Stored items:
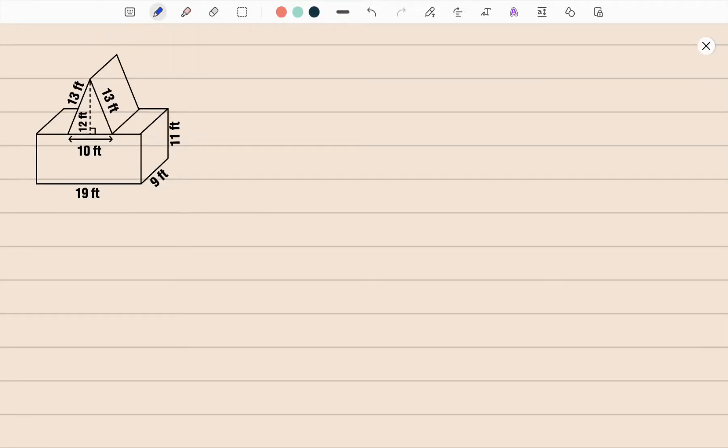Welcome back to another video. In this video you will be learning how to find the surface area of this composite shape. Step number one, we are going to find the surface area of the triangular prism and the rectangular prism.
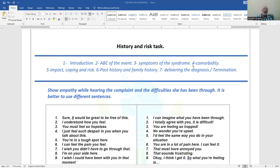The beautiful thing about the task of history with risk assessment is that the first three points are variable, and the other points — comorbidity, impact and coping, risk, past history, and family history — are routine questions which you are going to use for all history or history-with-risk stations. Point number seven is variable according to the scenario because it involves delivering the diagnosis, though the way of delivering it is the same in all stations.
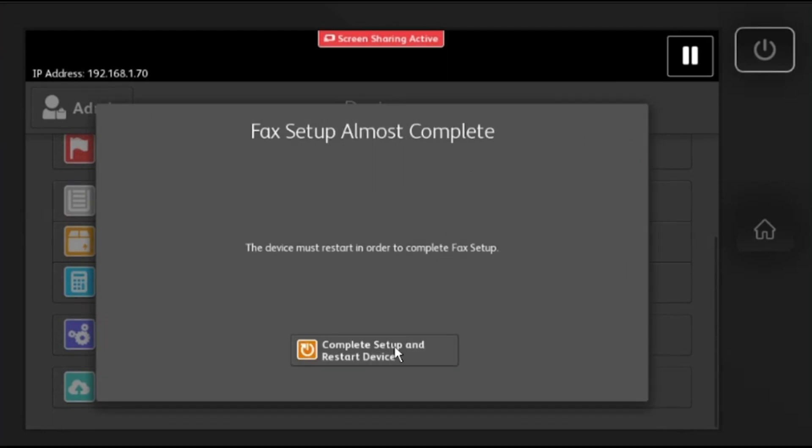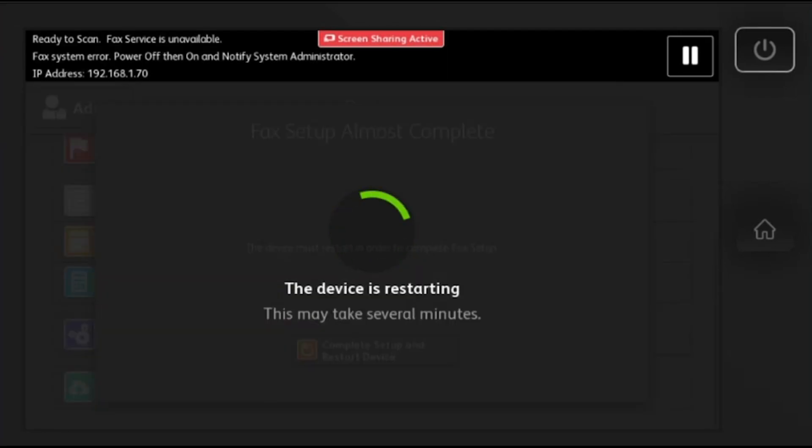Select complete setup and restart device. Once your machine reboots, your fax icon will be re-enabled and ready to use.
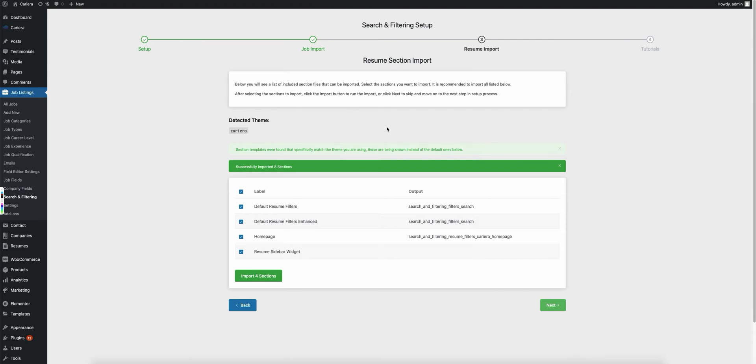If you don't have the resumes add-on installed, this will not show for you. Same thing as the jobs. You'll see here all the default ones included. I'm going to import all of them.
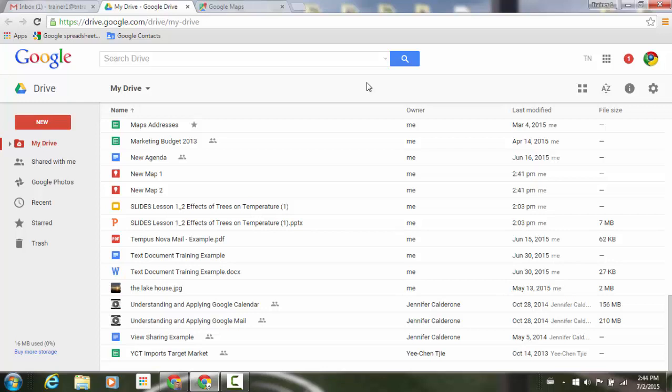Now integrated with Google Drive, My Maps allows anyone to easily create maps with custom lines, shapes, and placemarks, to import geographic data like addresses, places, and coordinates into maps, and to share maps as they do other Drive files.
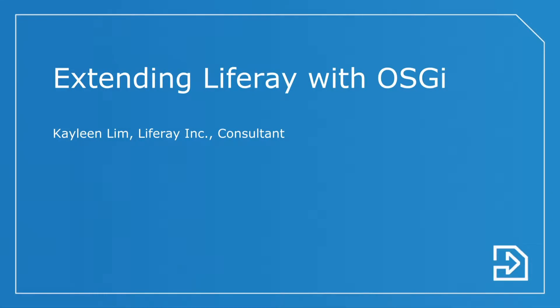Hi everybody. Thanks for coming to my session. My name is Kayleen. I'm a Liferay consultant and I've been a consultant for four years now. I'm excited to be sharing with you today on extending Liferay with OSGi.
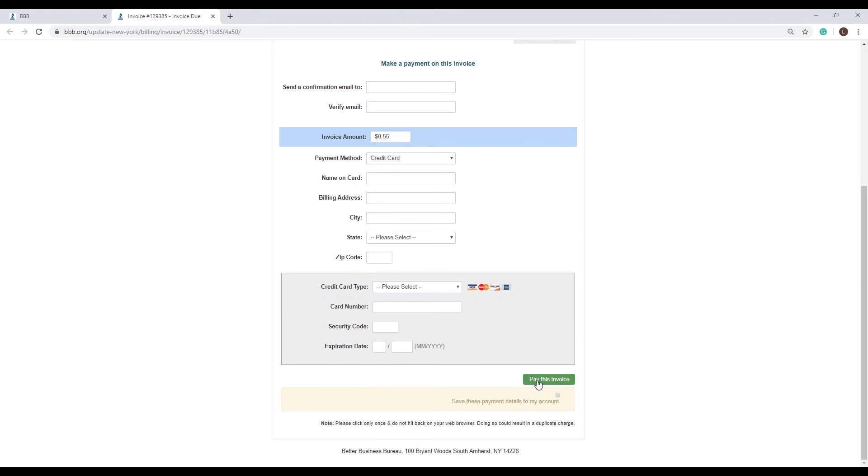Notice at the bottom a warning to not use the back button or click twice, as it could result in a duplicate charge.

* EXERCISE DIRECTIONS
Exactly the lines from the line that contains "Hi everybody. Thanks" through the last line above, and no other lines, must be output, with pictures excluded.

* EXERCISE RESULT
Hi everybody. Thanks for coming to my session. My name is Kayleen. I'm a Liferay consultant and I've been a consultant for four years now. I'm excited to be sharing with you today on extending Liferay with OSGi.
Notice at the bottom a warning to not use the back button or click twice, as it could result in a duplicate charge.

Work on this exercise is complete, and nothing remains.